Whichever reason he wasn't sure, but they were his team now, he'd have time to find out.

"You did well." Harry met Strucker in the viewing room above the training floor after becoming properly introduced to his team, and the man was quick to offer a congratulatory hand on his shoulder and a praising word. "I'm proud."

He beamed, inexplicably pleased by his mentor's praise. "They're a good lot. Strong. Loyal."

"You doubted?" Strucker smiled, but there was a challenge behind his words, a test. But one Harry already knew all the answers to.

"I did, once, but not anymore."

"Good boy." The squirming, happy feeling in his gut only amplified when Strucker's hand moved from his shoulder to the nape of his neck and used its hold to bring their foreheads together. Their lips were barely inches apart when the older man whispered, "Hail Hydra."

And Harry held his intense, pale stare and he whispered back. "Hail Hydra."


"You'll be his savior, his mentor, his one guiding light. What you speak will always be truth, your beliefs nothing but just and right, he'll never question you, never doubt you. He'll be everything you asked for and more."

But with their confidence came a warning. "What we'll do is not easily undone, but those with wills like his have proven…unpredictable at time. He is, first and foremost, a weapon, mistreat it, neglect your duties in maintaining it, and he will misfire on you."

"That won't be a problem." Strucker remembered the pure adoration in the eyes of the boy who had hated him with all of his being not even six months ago. He remembered the way he had so easily stepped into his place at the head of the mages and still turned to him for approval immediately after. He remembered the unshakeable surety in his voice when he'd whispered their organization's words and Strucker felt sure.

The boy was his.


When Bucky fell, there were no more thought of after. No dreams of what would come and what they would do after the war. There was no after without him. He fell and so did any hope of building something beyond the war.

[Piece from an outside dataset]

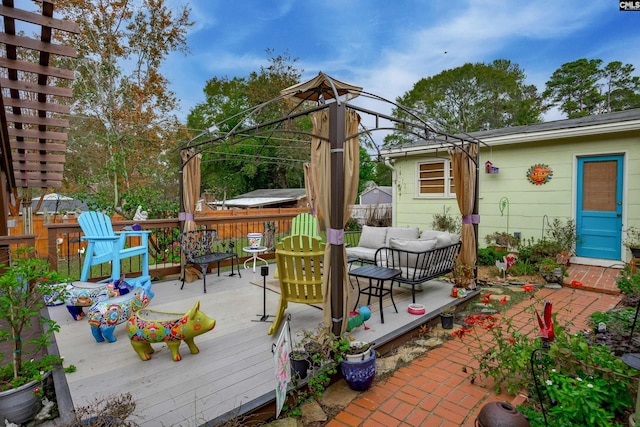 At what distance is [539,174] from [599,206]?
1.22 m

No one was surprised when the mission on the Valkyrie ended the way it did. They had seen the resolve in his eyes long before he'd stepped onto the plane, a world without Bucky Barnes was one Steve Rogers had no interest living in. The plane went down and Steve welcomed the dark, craved it even, and so he got it, for seventy years.

But all good things end. The SSR cum SHIELD fished him from what should have been his final resting place, shook him from his sleep, and shoved him into a world he no longer had a place in.

Seventy years in the future. He'd gone down knowing only Bucky was gone and came back up with every single person he'd ever known dead or close to it. He'd missed everything; the end of the war, their victorious homecoming, the reunions with their loved ones, the start of their families, the birth of their children and grand children and great grandchildren, and their peaceful passing onto the next life.

He should be with them. He wanted to be with them. But suicide was a sin and lord knows he'd already done enough to make the man above consider blocking his entrance through the gates, he didn't want to make it worse.

So he did what he did best and fought on. He took the books and the articles and the reels catching him up on history from SHIELD, went religiously to their recommended head doctors, and tried his best to ignore how in this loud and bright and awful future, he felt more alone than the entire seventy years he'd been entombed in the ice.